Instantly I caught a whiff of burning skin, then I caught something else. The air was warming up, despite chilling just a moment earlier, and I realised that the flames I’d conjured were producing power somehow. That felt like it violated one of those conservation laws Morlo had rambled about in-between describing the wart on his right testicle, but I had more pressing concerns than my educational quality right then.
Several pressing concerns, with about half closing on Gruin—who was now rushing the door to fight them while they were pinned in by entering—, a few more panicking and trying to extinguish their friend, and…
And one coming for me.
He moved unfairly fast, fast in a way that something so much bigger than me ought not have been allowed to. Life was full of these little injustices though, and just as he would never struggle to push a brat out of him he didn’t struggle in wrapping an arm around my throat and pinning me against a wall.
I punched him without any technique or care and felt my wrist spike in pain, barely fazing him. I screamed, or tried to with my neck constricted, feet stomping down on his and nails scraping at his skin. It was like trying to fight off a moving statue, like trying to free myself from chains. My heart was soon pounding in my ears and my eyes were tightening to focus on the blade he was bringing up. I was dead.
Except I wasn’t, he was. I don’t know how Kyvaine had slipped past everyone unnoticed, even to this day, but he did. And the first I saw of him was the bloody steel suddenly left twitching a scant hand-width from my face.
The rest of it was run through my attacker’s head.
Kyvaine gave one twist and yanked the sword out in a foul-smelling squirt of something that was clearly meant to stay inside a body, then the body in question fell. I saw him turn without even looking at me, already seeking out other targets. It struck me, in that moment, just how much he’d changed. Back in the Dungeon Kyvaine had surprised me by holding together almost adequately, but now there wasn’t a note of panic to him.
With his stupid, ear-to-ear terror-grin firmly etched across his face, he rushed for the rest of our attackers to help Gruin out.
That was quite the ask, though, because the Grynkori looked like he was about two seconds shy of meeting his maker. Wounds littered him, most shallow but some deep, and all the grace had gone right out of his movements. Kyvaine made an instant change to the fight by walking right up to the man with the clearest shot at him and running the sword deep into his back.
I winced, felt like puking as I saw a human being turn into cooling meat, but couldn’t look away, not while Kyvaine was now getting tangled in a fight himself.
Not while the air was suddenly cooling so much.

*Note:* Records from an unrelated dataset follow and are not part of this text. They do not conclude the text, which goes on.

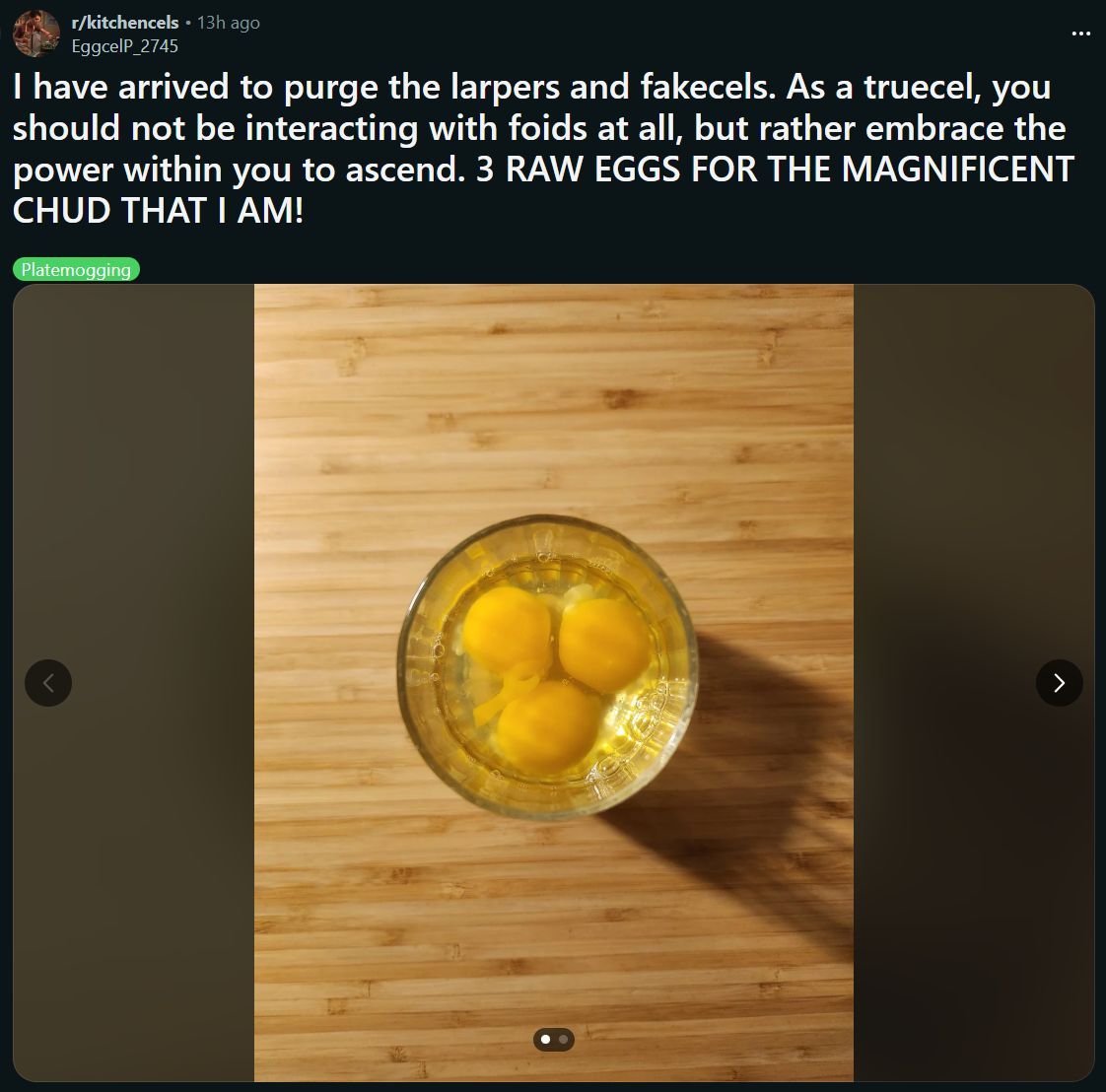 kitchencels tweet media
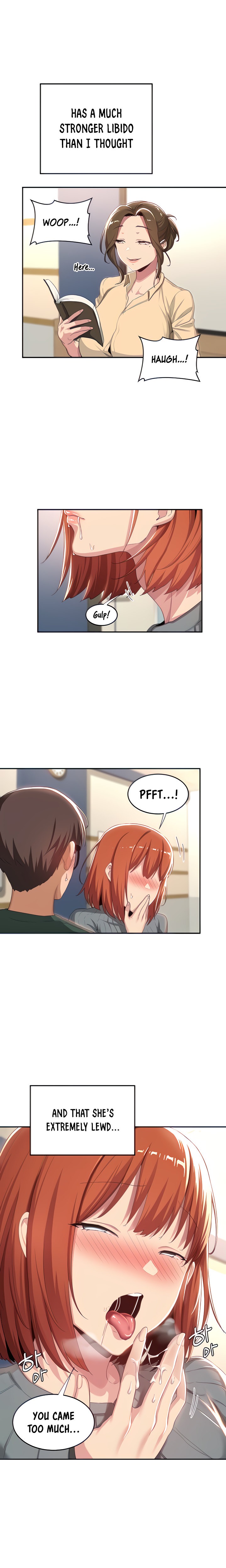 Sextudy Group - Chapter 63 [photo 5] - MangaPorn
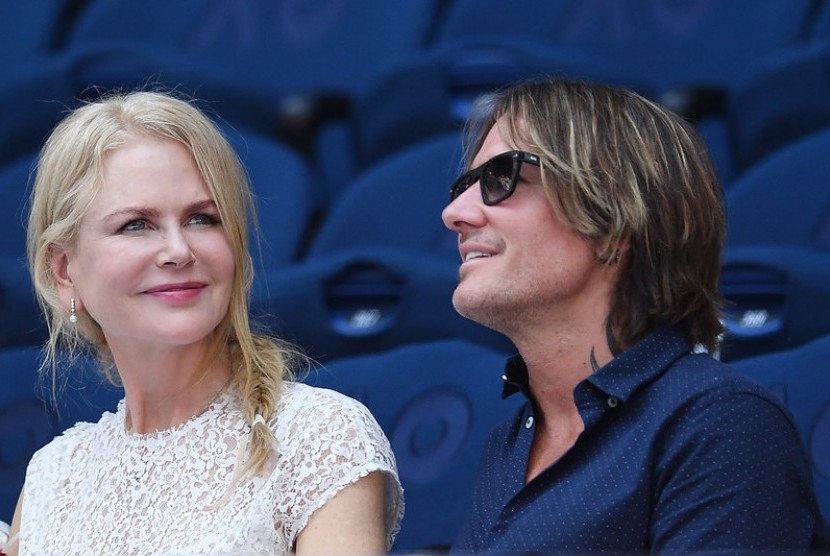 Nicole Kidman dan Keith Urban dianggap abaikan karantina 14 hari setelah tiba di Australia (Foto: pasangan Nicole Kidman dan Keith Urban)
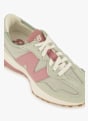 New Balance 327 sneaker femmes Gris 48694 6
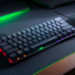Razer brings its analog switches to a compact 60 percent keyboard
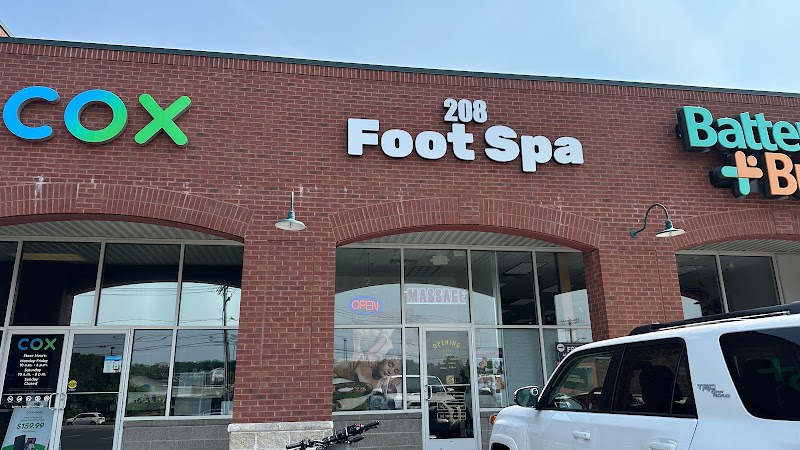 East Hartford 208 spa - Day Spa in East Hartford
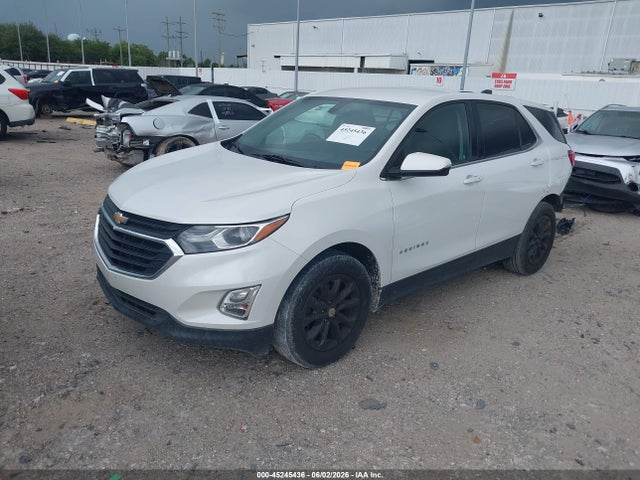 2019 CHEVROLET EQUINOX LT 2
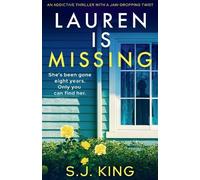 S J King Lauren Is Missing (Tascabile)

Outside, a pillar of flame shot up like some eruption from the earth. I heard men screaming, panicked cries…a madman cackling. Inside Kyvaine had killed another man and was now fighting two at once, his blade moving like a blur and seeming to just appear wherever blows threatened him, sparks hissing out. Neither of his opponents wielded long blades like him, and it didn’t take long before another’s throat had been opened and the last started running.
Kyvaine let him go, then focused on Gruin while he, injured, lost his own two-on-one. It didn’t take long for things to tie up after that.